At the most well known regional arts expose CARIFESTA, which this year is being held in Suriname, Saint Lucia is being represented by a forty member strong contingent. The Saint Lucian group, which is under the auspicies of the Cultural Development Foundation (the CDF) includes dancers, musicians, singers, poets and actors and is a blend of youth and experience. So far reports out of Suriname is that the Saint Lucian performances have been very well received.
Last Saturday evening, Saint Lucian performers took to the stage with the production of “Man Story” a one-man social commentary by veteran actor and playwright George “Fish” Alphonse. The island also participated in a regional fashion show, with models showing off the designs of Queen Esther’s Kumba Designs and madras couture by Sharleen Lagon among others.
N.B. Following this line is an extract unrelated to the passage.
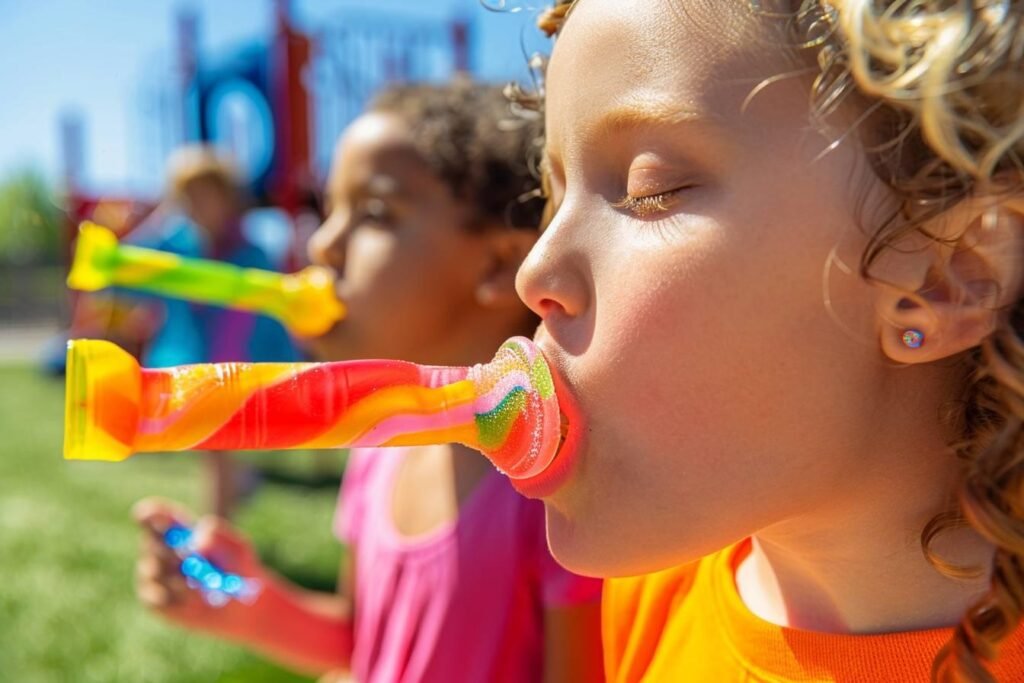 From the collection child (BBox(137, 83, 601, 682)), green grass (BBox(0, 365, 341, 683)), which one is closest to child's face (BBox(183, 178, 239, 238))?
green grass (BBox(0, 365, 341, 683))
Traditional masquerade by Saint Lucian dancers were also on show this week and on poetry night Kendal Hippolyte one of the island’s foremost poets and writers performed one of his pieces. In music the Barbara Cadet Quintet has been thrilling audiences, whilst the talk of the town this week has been “Youth on Fire Ministries” from Anse La Raye. The young group presented a thrilling piece “Jazz Country” that was very well appreciated. Jazz country is written by Travis Weekes and the production includes dance, drama and readings from the works of many of Saint Lucia’s top writers – Derek Walcott, Kendel Hippolyte, Robert Lee and Mc Donald Dixon among others.
Saint Lucia is among twenty-four countries taking part in CARIFESTA XI this year in Suriname.
The first Caribbean Festival of Arts CARIFESTA took place in Guyana in 1972. It was organized by Guyana’s then President Forbes Burnham, based on a similar event that took place in Puerto Rico in 1952. He held a number of conferences with Caribbean artists and writers that eventually led to the first CARIFESTA, conceived out of an appeal from a regional gathering of artists who were at the time participating in a Writers and Artists Convention in Guyana, in 1970.
The three main considerations with regard to the staging of CARIFESTA were that the Festival should be inspirational and should provide artists with the opportunity to discuss among themselves techniques and motivations. Secondly that it should be educational in that the people of the Caribbean would be exposed to the values emerging from the various art forms and it should relate to people and be entertaining on a scale and in a fashion that would commend itself to the Caribbean people
Today CARIFESTA is a celebration of the ethnic and racial diversity, which separately and collectively created cultural expressions that are wonderfully unique to the Caribbean.